It’s all under (version) control…

After a lot of looking around, I have currently settled on Subversion as a core part of my backup strategy. For the most part it is going to operate like this:

important “controlled” data <-> repository server <-> versioning “hot” backup server <-> offline storage

important “non controlled” data <-> repository server <-> versioning “hot” backup server <-> offline storage

This is true for >all< the important data. There are really two different types of versioning servers in my worldview and each have their place.

repository servers: these are the traditional “source code control” servers. In a repository server when you “check in” or “commit” a change you are asked to supply a comment or explanation of the change. It handles grouping multiple files at a particular point in time into a “release” and so on. This allows me to batch up all the files form a web site or programming project and say “this is release 1.0” and so on. Very useful stuff for the right kind of data. Currently I am using Subversion for this.
versioning hot backup servers: these are systems that monitor activity for specific files, folders and make backups of those changes in close to real time. No specific action is necessary to “check in” a file, as soon as you save it it is backed up. You can “roll back” to any previous version fo the file you might need. At the moment I am probably going to wait for “Microsoft Data Protection Manager” to handle this part.

The important difference is that repositories know about your data’s logical history and organization. They understand what files go together, can show you the commented history of a file and do a good job of merging changes made by multiple people. Versioned backups don’t always have that.

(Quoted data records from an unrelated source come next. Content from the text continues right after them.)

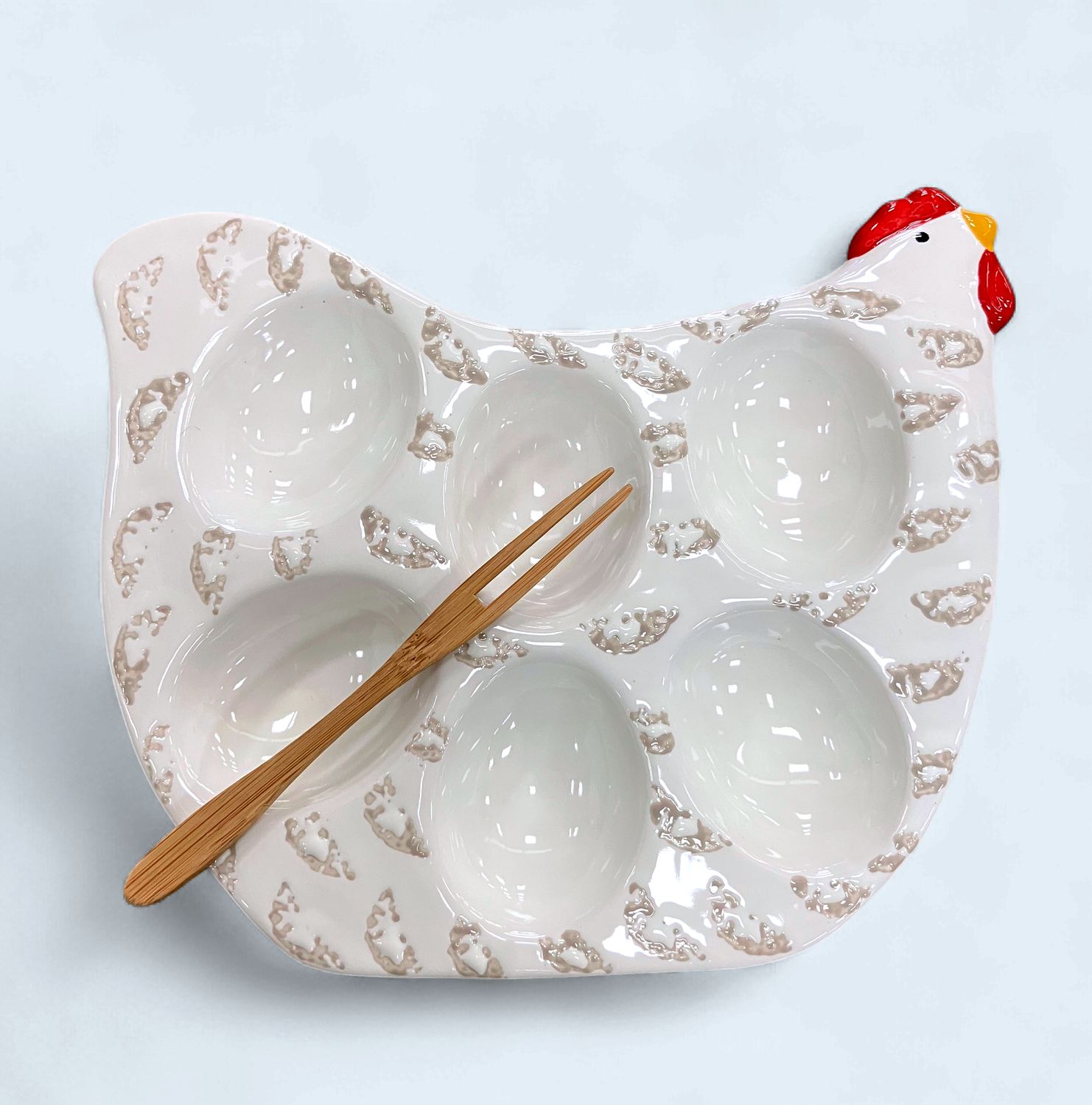 Cream Mini Rooster Deviled Egg Tray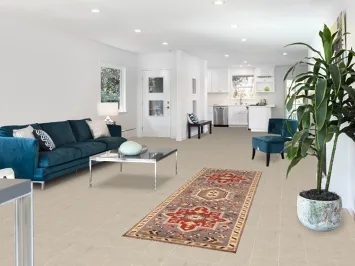 Geometric Wool Heriz Serapi Indian Runner Rug 3x8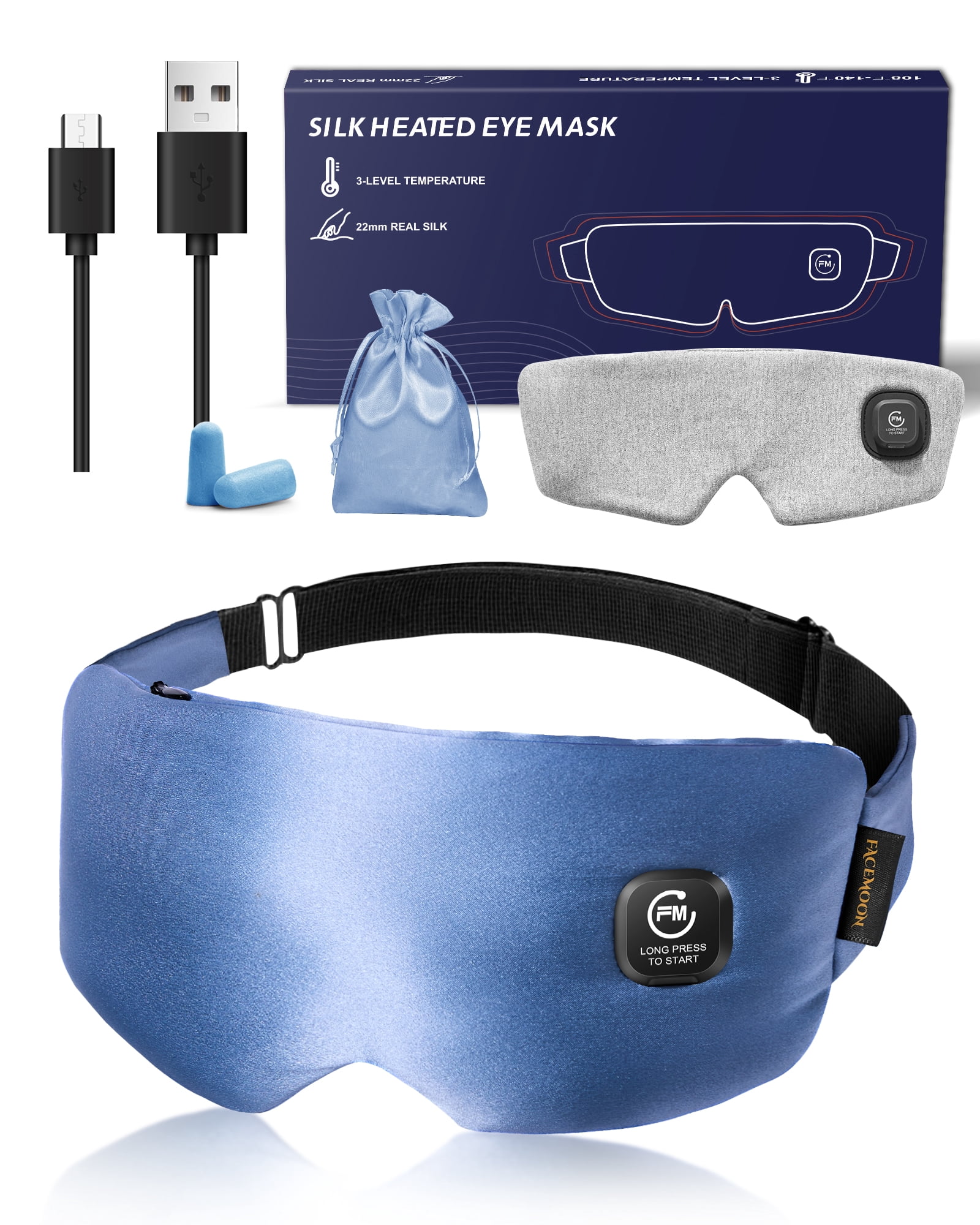FACEMOON Silk Warm Eye Mask for Dry Eyes Comfort Cordless Moist Heat Therapy Washable Travel Blue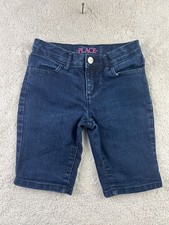 Childrens Place Girls Denim Bermuda Shorts Size 6 Dark Wash Cotton/Spandex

For me this means that data that is part of an organized, incremental development process (websites, software, artwork, etc.) where you might want to gather and put out “releases” or have multiple people working on them at the same time should go in repositories. Data that is not part of a formalized incremental development process (email data files, the “My Documents” folder, even the repositories themselves) should just go straight to the hot backups.

So far, stage one complete. I have my repositories in place and I am also using them as a limited “hot backup” system. For example my email files are in a “soulhuntre” repository, and I check them in ever day or so. Eventually I will take the next step.